The Eden Project, Saturday 7 July
If ever a venue was made for Björk, it’s the Eden Project, Cornwall’s eco-hippy, geodesic-dome horticultural haven, which could have been custom-built for the Utopia Tour. “Let’s imagine a world where nature and technology collaborate,” an onstage message urges, only slightly undermined by the technological glitches making the screen go black. The big screen is flanked by two big golden seed pods, banks of bird-of-paradise flowers and a grassy thicket in the centre: a revolving stage that swivels to reveal the woman of the hour ensconced on a vagina-shaped throne in a dress like a cybergoth butterfly.
The sublime swell of ‘Arisen My Senses’ washes through the evening sun as orchids and lilies bloom onscreen in time to the beats, petals bursting open with a force that seems to shake the stage. The thicket turns again and seed pods open to to reveal Libra, Björk’s septet of Icelandic flautists and a harpist, clad in pastoral pink silk and orchid/butterfly hybrid masks, like sci-fi shepherdesses. It’s one of her most sumptuous stage setups yet, and an intricately choreographed show, the musicians acting out the album’s concept of a matriarchal, ecological ideal state, cavorting like nymphs, swaying with stately grace, headbanging to free-jazz flute interludes.

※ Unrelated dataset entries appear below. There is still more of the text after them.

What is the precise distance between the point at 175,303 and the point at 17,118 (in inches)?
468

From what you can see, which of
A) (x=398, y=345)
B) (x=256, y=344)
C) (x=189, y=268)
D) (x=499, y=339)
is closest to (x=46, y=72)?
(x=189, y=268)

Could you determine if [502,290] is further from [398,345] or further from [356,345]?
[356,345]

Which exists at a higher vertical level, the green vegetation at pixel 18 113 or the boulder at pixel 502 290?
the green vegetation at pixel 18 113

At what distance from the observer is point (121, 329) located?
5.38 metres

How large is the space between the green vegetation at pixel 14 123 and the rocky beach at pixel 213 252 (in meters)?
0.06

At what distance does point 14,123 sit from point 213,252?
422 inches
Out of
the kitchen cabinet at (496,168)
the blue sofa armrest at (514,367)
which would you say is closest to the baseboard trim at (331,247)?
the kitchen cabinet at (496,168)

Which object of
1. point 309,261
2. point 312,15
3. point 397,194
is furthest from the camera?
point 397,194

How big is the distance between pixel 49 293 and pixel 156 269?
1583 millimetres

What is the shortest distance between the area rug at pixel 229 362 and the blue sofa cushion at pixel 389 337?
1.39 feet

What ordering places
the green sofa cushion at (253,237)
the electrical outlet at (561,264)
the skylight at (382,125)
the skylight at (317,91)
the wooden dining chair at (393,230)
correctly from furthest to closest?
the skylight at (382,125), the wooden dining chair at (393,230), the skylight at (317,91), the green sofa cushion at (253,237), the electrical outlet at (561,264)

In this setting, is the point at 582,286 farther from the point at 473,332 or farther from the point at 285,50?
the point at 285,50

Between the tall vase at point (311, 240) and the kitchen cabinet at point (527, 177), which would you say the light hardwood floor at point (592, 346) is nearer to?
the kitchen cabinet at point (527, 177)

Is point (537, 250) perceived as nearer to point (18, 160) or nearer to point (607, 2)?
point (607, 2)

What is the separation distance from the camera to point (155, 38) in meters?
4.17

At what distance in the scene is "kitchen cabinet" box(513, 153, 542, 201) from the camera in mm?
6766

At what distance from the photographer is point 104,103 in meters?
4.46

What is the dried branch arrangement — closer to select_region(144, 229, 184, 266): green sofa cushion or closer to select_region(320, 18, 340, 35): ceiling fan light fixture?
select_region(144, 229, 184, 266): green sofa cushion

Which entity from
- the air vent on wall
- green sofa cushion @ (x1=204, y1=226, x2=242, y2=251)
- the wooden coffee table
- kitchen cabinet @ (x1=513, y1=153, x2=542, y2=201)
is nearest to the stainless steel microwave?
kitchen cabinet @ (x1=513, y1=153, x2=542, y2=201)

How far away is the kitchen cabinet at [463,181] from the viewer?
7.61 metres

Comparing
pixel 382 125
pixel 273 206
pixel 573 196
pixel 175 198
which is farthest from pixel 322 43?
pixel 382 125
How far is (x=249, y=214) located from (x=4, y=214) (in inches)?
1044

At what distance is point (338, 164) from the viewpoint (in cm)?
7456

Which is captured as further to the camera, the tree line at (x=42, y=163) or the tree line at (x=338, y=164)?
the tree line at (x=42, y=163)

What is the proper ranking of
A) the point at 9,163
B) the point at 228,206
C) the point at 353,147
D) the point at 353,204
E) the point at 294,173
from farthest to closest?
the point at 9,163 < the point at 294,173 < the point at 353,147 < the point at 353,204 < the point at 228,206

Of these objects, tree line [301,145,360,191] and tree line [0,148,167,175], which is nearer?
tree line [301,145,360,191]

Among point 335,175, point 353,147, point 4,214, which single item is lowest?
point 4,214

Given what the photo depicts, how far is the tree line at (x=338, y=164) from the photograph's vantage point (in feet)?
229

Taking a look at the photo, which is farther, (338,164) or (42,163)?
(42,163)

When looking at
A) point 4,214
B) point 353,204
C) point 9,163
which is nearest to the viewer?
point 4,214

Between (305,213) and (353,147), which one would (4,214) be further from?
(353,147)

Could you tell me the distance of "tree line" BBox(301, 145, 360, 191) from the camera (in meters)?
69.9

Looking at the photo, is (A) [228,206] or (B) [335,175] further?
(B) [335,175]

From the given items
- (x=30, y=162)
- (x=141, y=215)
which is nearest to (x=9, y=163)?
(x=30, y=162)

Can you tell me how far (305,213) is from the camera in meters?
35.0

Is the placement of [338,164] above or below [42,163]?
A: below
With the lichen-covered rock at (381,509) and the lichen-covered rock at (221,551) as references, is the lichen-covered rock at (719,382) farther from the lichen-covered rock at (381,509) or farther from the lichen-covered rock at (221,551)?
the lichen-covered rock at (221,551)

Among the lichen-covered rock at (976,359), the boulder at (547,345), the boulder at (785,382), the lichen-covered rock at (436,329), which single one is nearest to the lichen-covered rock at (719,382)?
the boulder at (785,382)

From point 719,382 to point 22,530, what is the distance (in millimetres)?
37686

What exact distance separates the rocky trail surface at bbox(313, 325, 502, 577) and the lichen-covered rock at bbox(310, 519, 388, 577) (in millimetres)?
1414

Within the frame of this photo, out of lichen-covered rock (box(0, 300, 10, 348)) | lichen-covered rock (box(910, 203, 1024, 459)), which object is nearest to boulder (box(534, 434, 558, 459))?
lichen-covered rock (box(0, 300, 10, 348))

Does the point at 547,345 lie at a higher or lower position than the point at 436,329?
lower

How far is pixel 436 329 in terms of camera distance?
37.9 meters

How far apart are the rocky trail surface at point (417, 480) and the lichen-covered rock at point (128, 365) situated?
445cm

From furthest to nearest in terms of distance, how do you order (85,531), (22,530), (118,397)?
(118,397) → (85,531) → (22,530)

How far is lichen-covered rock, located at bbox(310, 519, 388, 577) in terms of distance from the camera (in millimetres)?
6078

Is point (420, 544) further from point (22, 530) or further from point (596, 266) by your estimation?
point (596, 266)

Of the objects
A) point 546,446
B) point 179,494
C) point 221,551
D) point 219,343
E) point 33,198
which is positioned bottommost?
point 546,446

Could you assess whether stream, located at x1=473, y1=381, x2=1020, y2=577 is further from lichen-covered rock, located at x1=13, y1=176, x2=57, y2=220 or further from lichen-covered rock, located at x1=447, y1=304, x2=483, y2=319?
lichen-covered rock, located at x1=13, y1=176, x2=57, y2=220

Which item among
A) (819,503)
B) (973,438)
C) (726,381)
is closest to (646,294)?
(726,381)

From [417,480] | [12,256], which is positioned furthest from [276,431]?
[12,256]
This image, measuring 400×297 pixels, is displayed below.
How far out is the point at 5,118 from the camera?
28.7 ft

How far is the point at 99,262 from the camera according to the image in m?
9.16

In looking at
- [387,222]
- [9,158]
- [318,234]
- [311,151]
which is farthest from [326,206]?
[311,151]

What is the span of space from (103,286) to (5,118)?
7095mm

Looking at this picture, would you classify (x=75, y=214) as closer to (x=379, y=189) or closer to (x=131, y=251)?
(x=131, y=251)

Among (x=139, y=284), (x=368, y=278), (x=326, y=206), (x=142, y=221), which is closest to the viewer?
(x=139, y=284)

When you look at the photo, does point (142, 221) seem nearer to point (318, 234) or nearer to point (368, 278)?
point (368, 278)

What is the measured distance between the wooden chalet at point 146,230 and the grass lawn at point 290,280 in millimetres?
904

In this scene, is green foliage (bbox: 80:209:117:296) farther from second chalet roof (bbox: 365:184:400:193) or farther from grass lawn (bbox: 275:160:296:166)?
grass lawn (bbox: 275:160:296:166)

But even ‘Utopia’’s quieter moments, those that seemed hard to imagine as live numbers, command the stage, the holy hush of ‘The Gate’ casting a spell over the litup domes and wondering faces. The darker drama of ‘Claimstaker’ makes its live debut among red, angry lights, before Isobel gets a coolly jazzy flute treatment. Andrew Thomas Huang’s botanical, fantastical images rotate hypnotically behind, and – echoing the birdcalls and airy sounds of Utopia – romancing grebes appear on the backdrop for Courtship, a comically beaked shoebill for ‘Human Behaviour. Along with a soaring ‘Wanderlust’, that’s about it as far as The Hits go – tonight is a show for those as fully invested in Björk’s most recent work as she is.
They’re out in force as well – the line “It is time for us women to rise / And not just take it lying down” in the vulnerably beautiful ‘Tabula Rasa’ gets a spontaneous cheer; the ‘Pleasure Is All Mine’, low and dark and primordial, the domes around lit up in pink, bolsters the female-future message. Perhaps the most beautiful visual moment arrives when the musicians spin their whirly tubes overhead for the ghostly gorgeousness of ‘Features Creatures’, ‘Utopia’’s delicate exploration of the psychic strangeness of being on the rebound. “We are all just struggling / Doing our best / We’ve gone through the grinder,” Björk sings on the powerful ‘Losss’, punching a clenched first out from her chest as flowers explode onscreen again, and a tower of roses sprouts from the side of the set. ‘Sue Me’ seems a weaker follow-up, one of ‘Utopia’’s lesser tracks and not the strongest ending to the set, but the evening is capped beautifully by an encore – with Björk now dressed in pink blossom-ruffled trouser suit – of ‘Debut’’s ‘The Anchor Song’, echoing ‘Claimstaker’’s call of “this is my home” across 25 years, and an intense, laser-lit ‘Notget’. Tonight, Björk found a spiritual home for her Utopia among the domes of Eden – though as the album and its entrancing live incarnation remind us, paradise is within reach for all, in our own imaginations.